Aim of the task – When you write out the listing, keep every word as it stands and drop the pictures.

Provided material –
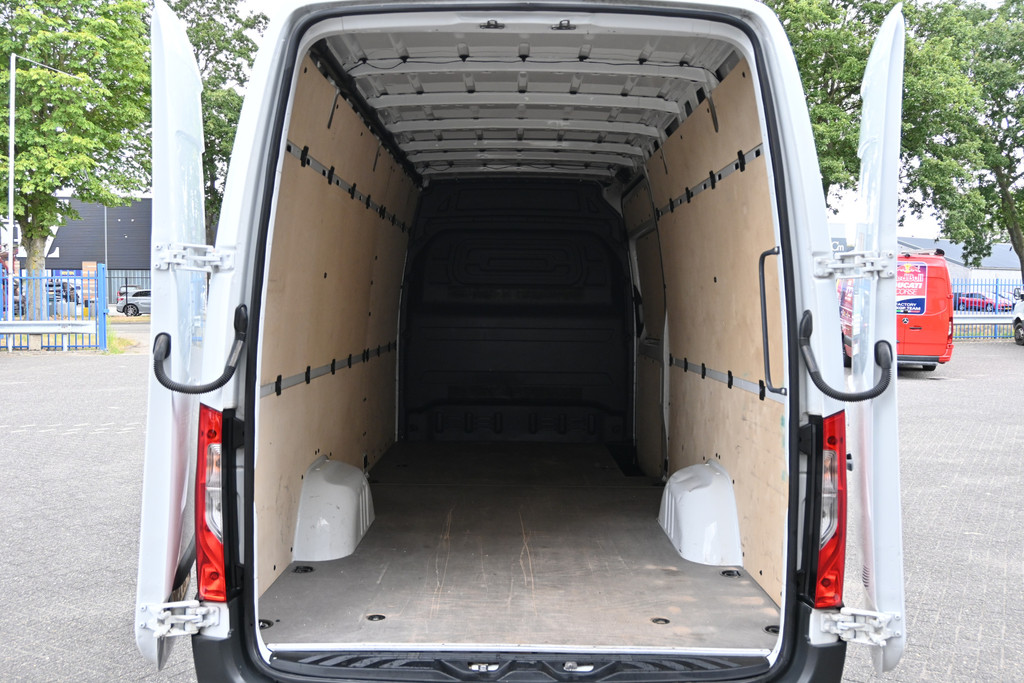 Mercedes-Benz Sprinter 10
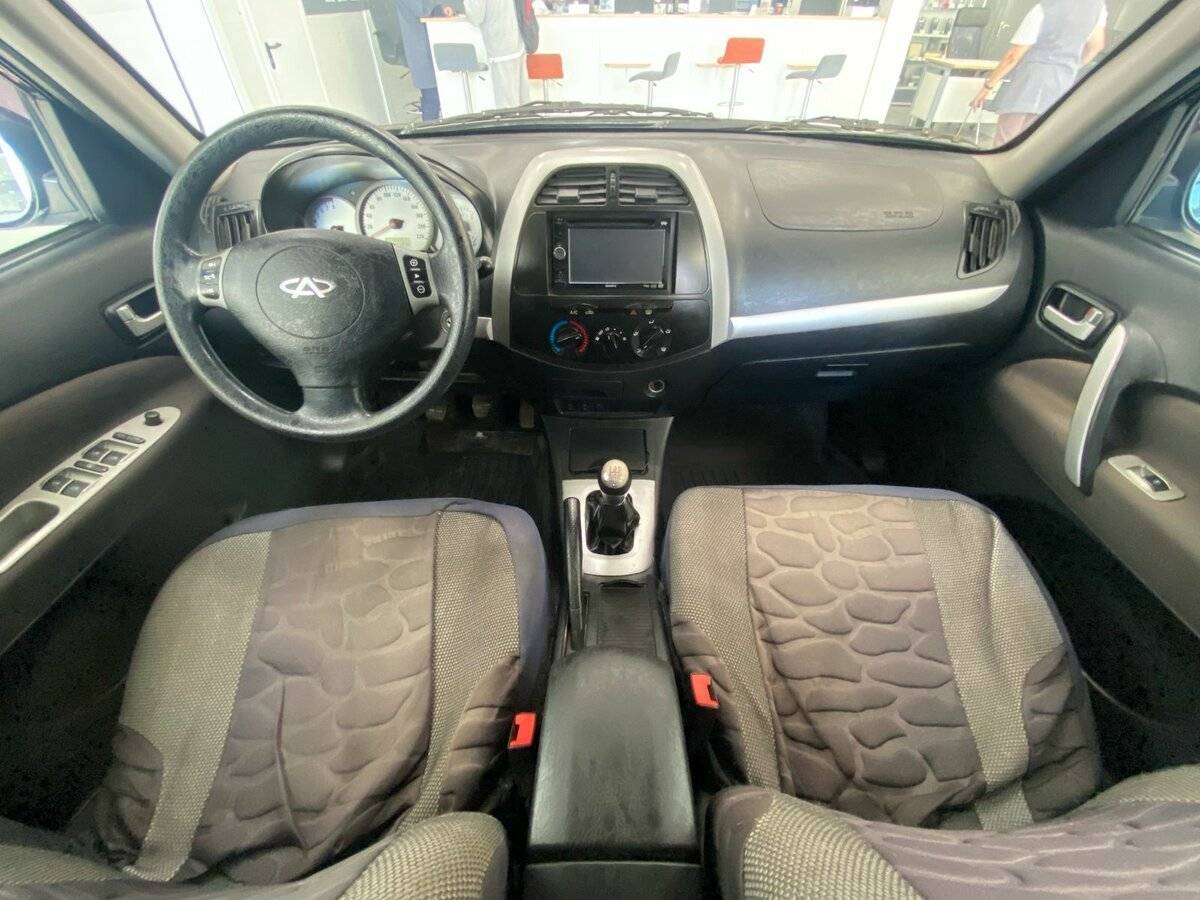 Chery Tiggo (T11) 2010 года с пробегом. Фото: #11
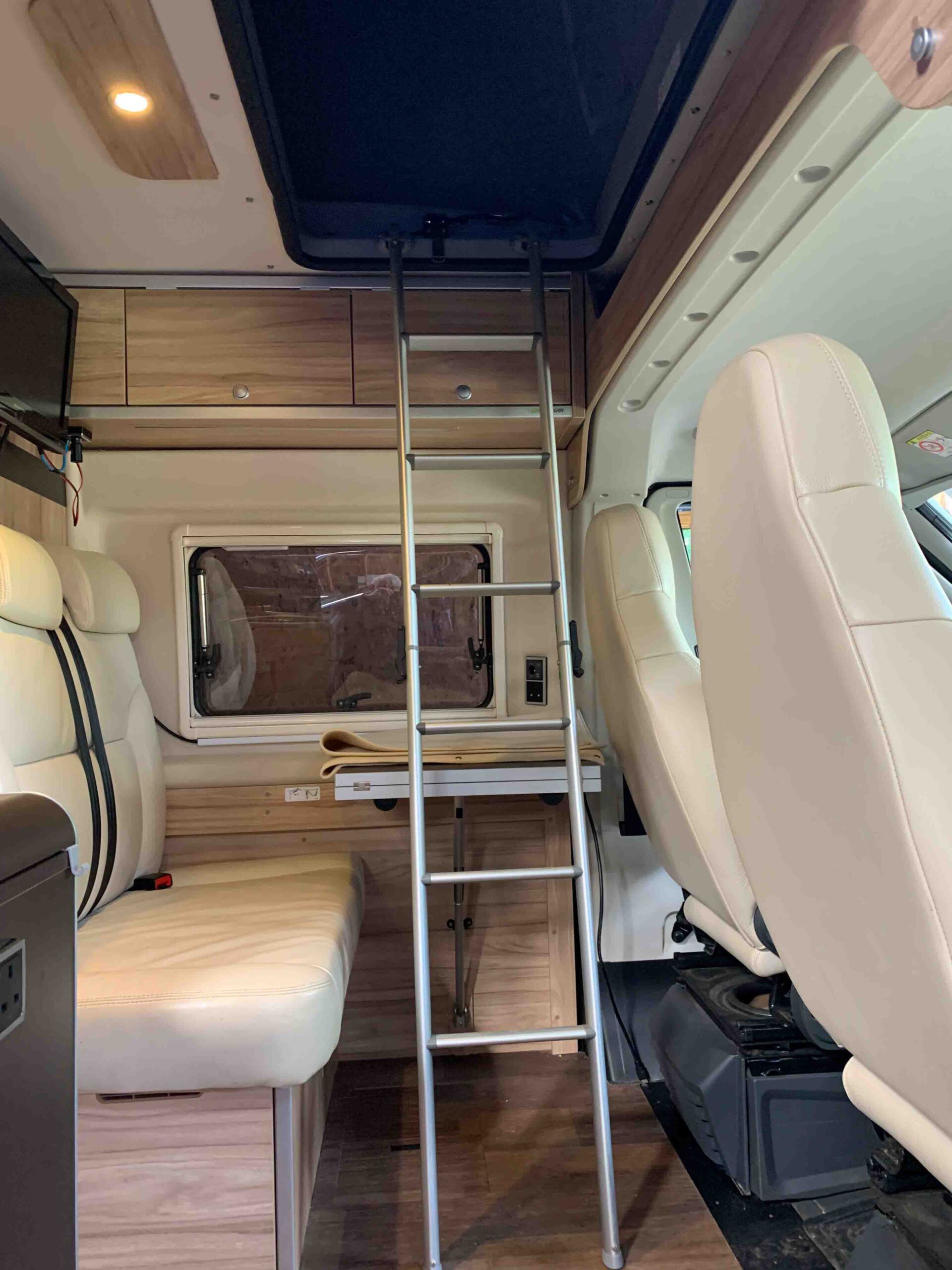 Hymer Yellowstone - 4 Berth with Pop Top | Quirky Campers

Solution for this exercise –
 Mercedes-Benz Sprinter 10
 Chery Tiggo (T11) 2010 года с пробегом. Фото: #11
 Hymer Yellowstone - 4 Berth with Pop Top | Quirky Campers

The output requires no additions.